I signed a Non-Disclosure Agreement that prevents me from talking about most of the conference content; but I can tell you about my experience and my impressions.
By far, the best part of the MVP Summit is the chance to meet so many smart people. Many of them I know by reputation before I meet them. Every year I joke that I plan to be the dumbest guy in every room at this conference. And every year, the joke is very close to reality. There are some amazing people here - those with deep knowledge of a technology; those who have built amazing products or open-source projects; those who have written books and blogs that I've read; those who produce podcasts that I listen to regularly; and those who have a story to tell about how they use technology to solve real problems. I love meeting and talking with all these people.
The sessions are good, but, other than REDACTEDREDACTEDREDACTED, I didn't hear about a whole lot of new stuff.
There are some regular events in the evening and I took advantage of those. A party at Ted Neward's house attracted a who's who of technologists and the annual Party With Palermo (hosted by Jeff Palermo of Austin, TX) always attracts a great crowd. I attended a reception for first-time MVPs, even those this was my third summit, because:
- It was hosted by INETA and I am on the Board of Directors
- It was organized by my friend Joe Guadagno, who did an amazing job
- INETA presented a Lifetime Achievement award to Russ Fustino at the event and I wanted to be present to congratulate Russ.

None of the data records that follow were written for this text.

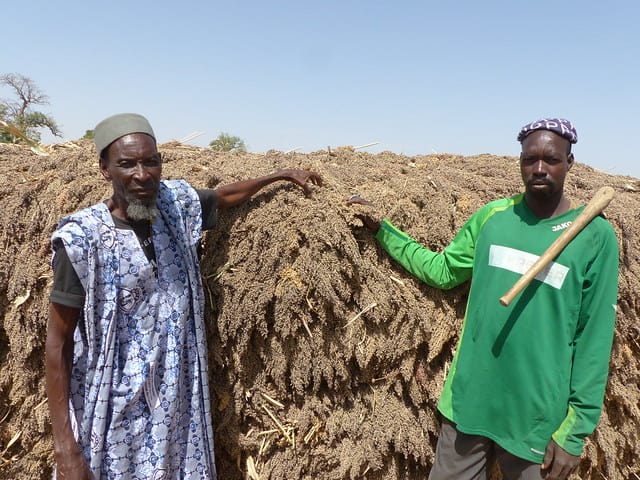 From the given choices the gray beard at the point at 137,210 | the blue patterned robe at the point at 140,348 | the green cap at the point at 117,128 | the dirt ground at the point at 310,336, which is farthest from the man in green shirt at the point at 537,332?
the green cap at the point at 117,128

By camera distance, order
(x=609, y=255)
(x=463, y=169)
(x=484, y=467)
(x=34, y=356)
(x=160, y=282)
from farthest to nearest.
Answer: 1. (x=463, y=169)
2. (x=34, y=356)
3. (x=484, y=467)
4. (x=160, y=282)
5. (x=609, y=255)

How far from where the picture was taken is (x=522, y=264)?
206cm

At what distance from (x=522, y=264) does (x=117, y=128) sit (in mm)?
1822

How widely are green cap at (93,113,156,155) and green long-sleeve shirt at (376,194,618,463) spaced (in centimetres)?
161

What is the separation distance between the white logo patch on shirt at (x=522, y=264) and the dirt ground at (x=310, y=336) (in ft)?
1.59

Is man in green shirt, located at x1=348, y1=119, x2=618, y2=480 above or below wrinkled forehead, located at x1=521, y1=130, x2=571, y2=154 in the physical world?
below

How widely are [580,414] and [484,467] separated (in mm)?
544

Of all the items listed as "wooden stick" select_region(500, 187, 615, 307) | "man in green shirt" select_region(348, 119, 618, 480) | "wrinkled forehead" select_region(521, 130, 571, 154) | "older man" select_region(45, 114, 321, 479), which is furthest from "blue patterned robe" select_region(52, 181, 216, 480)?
"wrinkled forehead" select_region(521, 130, 571, 154)

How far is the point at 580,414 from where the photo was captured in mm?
2006

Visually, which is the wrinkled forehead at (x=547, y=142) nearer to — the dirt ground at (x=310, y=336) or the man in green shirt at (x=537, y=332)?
the man in green shirt at (x=537, y=332)

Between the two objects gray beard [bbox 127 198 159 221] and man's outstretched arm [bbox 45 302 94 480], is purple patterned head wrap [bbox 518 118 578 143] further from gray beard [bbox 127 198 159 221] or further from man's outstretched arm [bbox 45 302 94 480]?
man's outstretched arm [bbox 45 302 94 480]

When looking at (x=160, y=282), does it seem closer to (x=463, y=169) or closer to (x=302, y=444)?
(x=302, y=444)

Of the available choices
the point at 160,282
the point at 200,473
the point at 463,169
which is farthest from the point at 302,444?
the point at 463,169

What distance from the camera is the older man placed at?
1.96 m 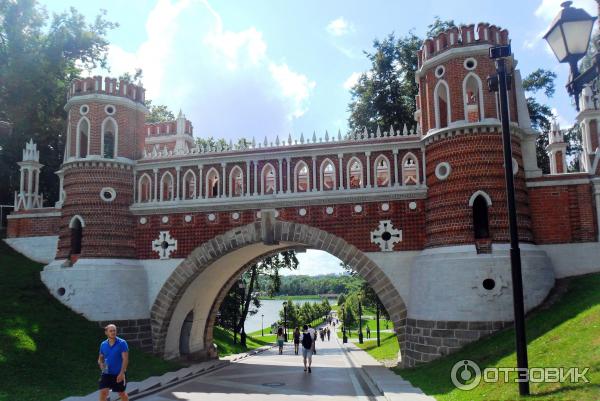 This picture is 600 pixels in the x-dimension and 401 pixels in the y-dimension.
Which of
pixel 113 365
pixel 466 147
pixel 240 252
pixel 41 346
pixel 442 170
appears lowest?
pixel 41 346

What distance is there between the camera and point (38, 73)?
23.4m

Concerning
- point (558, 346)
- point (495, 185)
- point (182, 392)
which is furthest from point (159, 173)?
point (558, 346)

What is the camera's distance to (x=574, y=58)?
5.28m

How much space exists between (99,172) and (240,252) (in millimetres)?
5798

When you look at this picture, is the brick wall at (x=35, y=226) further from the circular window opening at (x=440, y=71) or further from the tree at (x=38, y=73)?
the circular window opening at (x=440, y=71)

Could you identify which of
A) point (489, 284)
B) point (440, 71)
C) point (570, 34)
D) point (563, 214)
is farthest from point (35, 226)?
point (570, 34)

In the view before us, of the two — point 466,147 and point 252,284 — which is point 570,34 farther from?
point 252,284

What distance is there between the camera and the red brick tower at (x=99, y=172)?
59.1 ft

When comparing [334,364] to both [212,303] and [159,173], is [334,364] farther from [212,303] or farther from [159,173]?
[159,173]

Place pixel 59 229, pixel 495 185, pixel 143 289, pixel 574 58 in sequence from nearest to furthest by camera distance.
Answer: pixel 574 58, pixel 495 185, pixel 143 289, pixel 59 229

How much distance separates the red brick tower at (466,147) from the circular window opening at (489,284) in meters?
0.88

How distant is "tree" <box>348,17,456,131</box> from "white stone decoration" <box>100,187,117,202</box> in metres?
13.8

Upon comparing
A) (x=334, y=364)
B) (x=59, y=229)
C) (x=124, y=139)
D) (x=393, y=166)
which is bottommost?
(x=334, y=364)

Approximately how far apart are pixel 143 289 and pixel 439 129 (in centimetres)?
1123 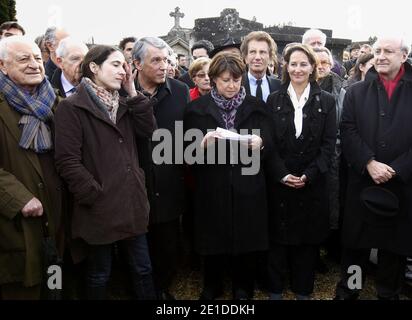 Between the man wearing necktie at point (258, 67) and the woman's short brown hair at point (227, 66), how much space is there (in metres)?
0.70

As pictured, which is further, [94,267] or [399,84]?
[399,84]

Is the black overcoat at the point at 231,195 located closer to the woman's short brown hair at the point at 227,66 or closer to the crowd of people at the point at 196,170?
the crowd of people at the point at 196,170

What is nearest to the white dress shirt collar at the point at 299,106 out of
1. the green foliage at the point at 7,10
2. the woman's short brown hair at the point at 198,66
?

The day after the Global MVP Summit was the ASP.NET Insiders Summit organized by Scott Hanselman. I was excited to attend this conference because I was invited to join the Insiders only a few weeks ago. (I think I was the newest member at the time of the Summit). These sessions were really informative. We got a look at new and proposed language, framework, and IDE features. We also had a chance to provide feedback to the product team; and to see several open-source web frameworks. Another NDA prevents me from revealing too many details of what I saw there, but I really learned a lot from this extra day. I plan to attend the ASP.NET Summit again next year.
Two days before the MVP Summit, a group of attendees and a few other volunteers traveled to the Northwest Harvest Food Bank in Seattle to help pack fruit for needy families in the area. This was a great opportunity to meet people, have fun, and do some good.
The week was exhausting but well worth the trip. If Microsoft will have me, expect to see me at the 2014 Global MVP Summit. And I still expect to be the dumbest guy in each room.